Ich entdecke bei Thomas Mann hin und wieder Formen, die außerhalb des rein literarischen Gebrauchs ungewöhnlich oder schlicht veraltet sind. In diesem Fall finde ich aber nicht, dass man ihm einen Fehler vorwerfen kann. Der heutige DUDEN, an den sich Th. Mann natürlich nicht gehalten hat, erlaubt „öfter“ als Komparativ, woraus ich schließe, dass „am öftesten“ ebenfalls akzeptiert wird.

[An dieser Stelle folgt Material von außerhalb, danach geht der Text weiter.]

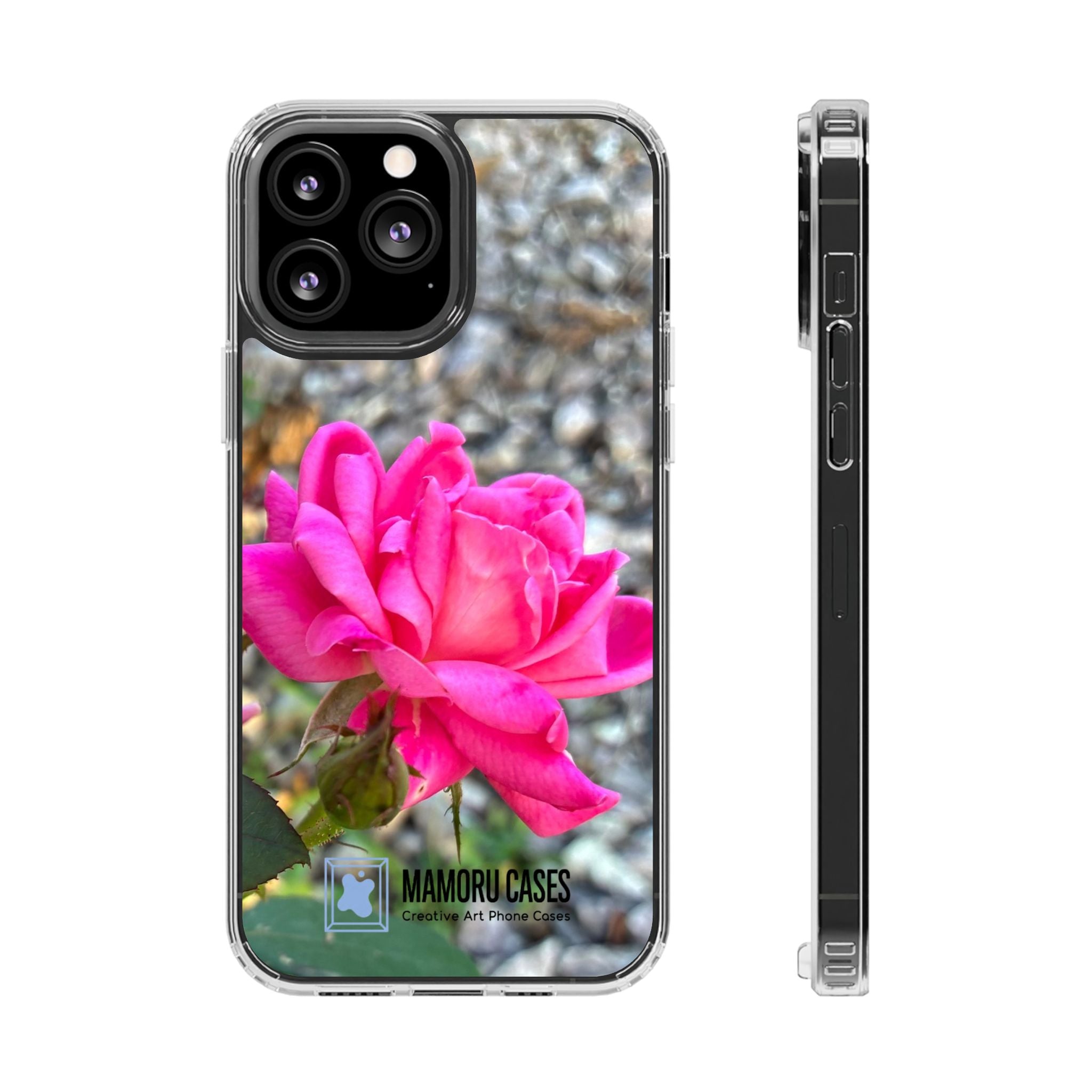 Clear Magnetic Phone Case — Pink Rose Photo Impact-Resistant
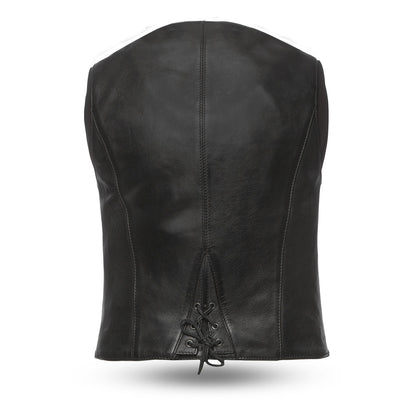 Women's Western Style Whiskey Brown Leather Motorcycle Vest- Savannah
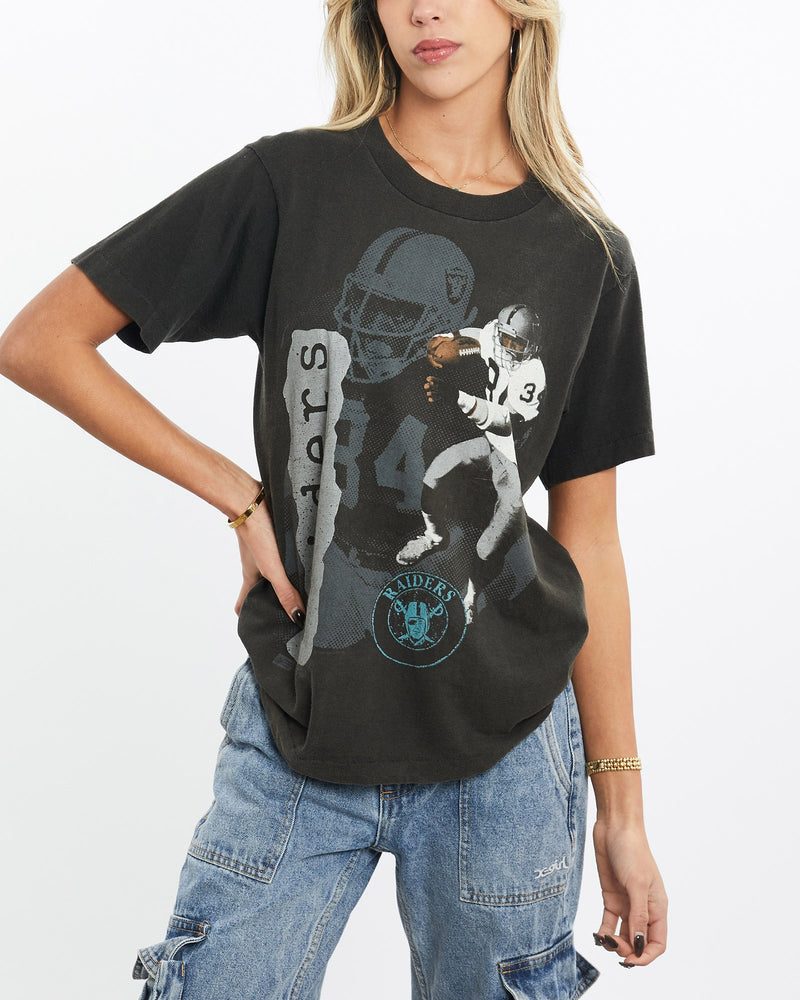 Vintage, 90s, NFL, Los, Angeles, Raiders, Tee, The Real Deal, size extra small, colour Black, newtown, sydney, australia, thrift store, opshop, preloved, secondhand, sustainable, retro, antique, 70s, 80s, 90s, 2000s, 00s, fashion, clothing, streetwear, trendy, garment, style, boutique, store, shop, archive, sale, cheap, best, top, T-Shirts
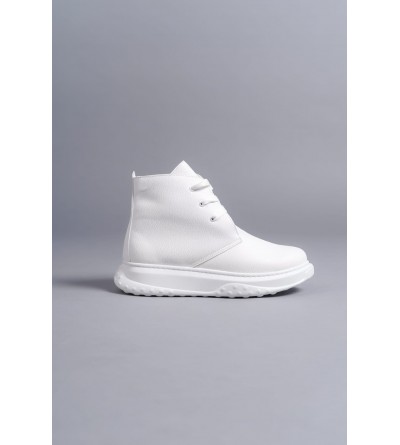 SLW204 Franca Bağcıklı Cilt Erkek Spor Bot BT - Beyaz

Vielleicht klären die DUDEN-Einträge zu „oft“ und „öfter“ einige Fragen, die bisher offen waren:

_ oft [mhd. oft(e), ahd. ofto, wahrsch. im Sinne von „übermäßig“, zu 2ob (2)]:
a) sich wiederholt ereignend; immer wieder; mehrfach: o. krank sein; der Zug hielt o.; ich habe ihr zu o. geglaubt; wie o. muss ich dir das denn noch sagen?; sie ist o. genug gewarnt worden; so o. wie sie hat noch keine gefehlt;
b) in vielen Fällen, recht häufig: so etwas gibt es o.; das lässt sich o. gar nicht entscheiden;
c) in kurzen Zeitabständen:
dieser Bus verkehrt ziemlich o._

_ öf|ter [mhd. ofter, ahd. oftor]:
1. :
a) mehrmals, hier u. da, bei verschiedenen Gelegenheiten, verhältnismäßig oft: ich habe sie schon ö. besucht; dieser Fehler kommt ö. vor; ö. mal was anderes, Neues! (Werbeslogan);
b) mehrmalig, häufig: seine -en Besuche; bei -er Verwendung; * des Öfteren (nachdrücklich; zu wiederholten Malen, wiederholt; oftmals): man hat ihn schon des Öfteren ermahnt.
2. Komparativ zu oft._

Joana

Mit einem oder mit zwei „n“? :wink:

Gruß!
Christopher

2 Like

Hallo Christopher!

Jetzt ist alles klar geworden! Vielen Dank nochmal!
Joanna mit Doppel-n. Ich bewundere deine Aufmerksamkeit!

Gruss
JoaNNa :smile:))

Hallo,

kurzer, kleiner Nachtrag, sprachgeschichtlicher Art:

Kluge: Ethymologisches Wörterbuch:

„häufig“ (16.Jh.). Eigentlich „haufenweise“, seit dem 18.Jh. „oft“.

gruss

zuerst wollte ich mich bedanken! Das Forum ist einfach Klasse!
Keine Frage bleibt hier unbeantwortet. Und so viele „kluge
Köpfchen auf einem Haufen“ :smile:)) Weiter so!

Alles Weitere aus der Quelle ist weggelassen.